Have anyone try this to avoid the compatibility debates ?
Click on DVD Players on the left, search for DVD players that can support DVD-R, take note of this number. Do the same for DVD+R.
I have done that and there are more DVD-R players than DVD+R.
OK, here are the numbers: 953 DVD-R and 544 DVD+5. How about that.
NO MORE DEBATE I HOPE. (just try to help)ktnwin - PATIENCE
ktwin: You can't compare like that...more have just tested dvd-r, only 655 dvd players are tested with dvd+r while 1078 are tested with dvd-r. But dvd-r has a bit better if you compare with %, about 88 % works and dvd+r has about 84%.
Originally Posted by PhilipL
But I have both a -R and a +R recorder, I made this great family video transfer to dvd+RW last week, then purposely transferred it to a dvd-r so that it would be more compatible when being played on my cousin's machine when i visited.

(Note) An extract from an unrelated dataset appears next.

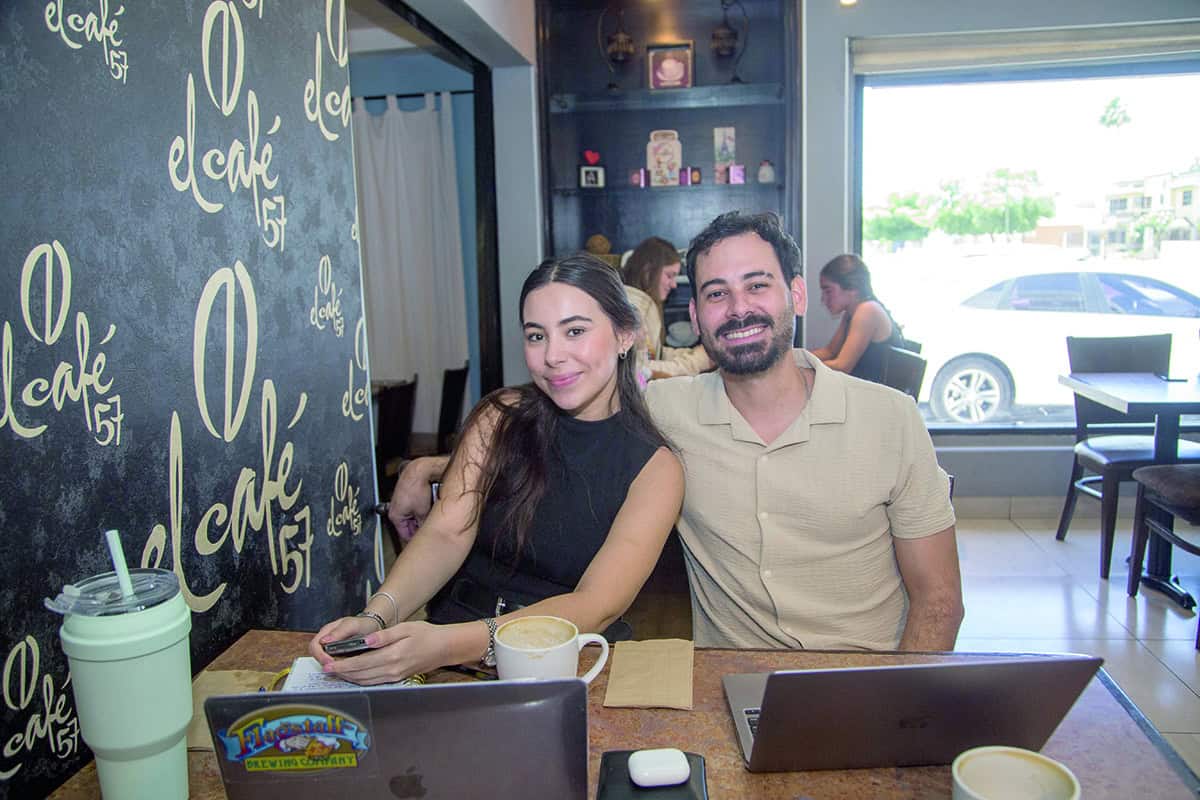 En Café 57 disfrutan de una buena plática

Guess what, a high quality Pioneer DVD-R disc wasn't recognised on their fairly new, GOVideo dual VHS DVD Player! Would not read the disc, the disc was fine because it played in all my machines.
Luckily, I had brought my original DVD+RW disk with me, and guess what? That one played fine. LOL
So, neither recordable format is guaranteed to play on a DVD Standalone.
But, if one don't play, there is a good shot the other type might.
Just as the Philips model DVD751 standalone, won't play DVD-R,DVD-RW or DVD+R's, but it will play DVD+RW. So out of the 4 types, at least 1 will usually play on a machine.
Now, hopefully by 2004, all this will be worked out.
If not, then i guess people will return the new blue laser machines back to the stores as soon as they get home and see it won't play there home movie collection.
Also at almost the price of 2 dvd disks, what will be the big deal in having 2 machines next to each other?
For that matter, why wouldn't the new machine have dual lasers?
One blue and one red?
Just like some early dvd standalones had dual lasers for better cd compatibility.
I don't think DVD+ format will have any problems in future machines than any recordable disk will.
Thanks for reading this,
Originally Posted by test
I did so many test on my machines and can come up with so many combinations that work and don't work.
This brand will, that won't, this brand on that format recorded with this software will, that won't, etc... it's endless... and I seriously doubt people do these extensive test before judging a format compatible on a certain machine.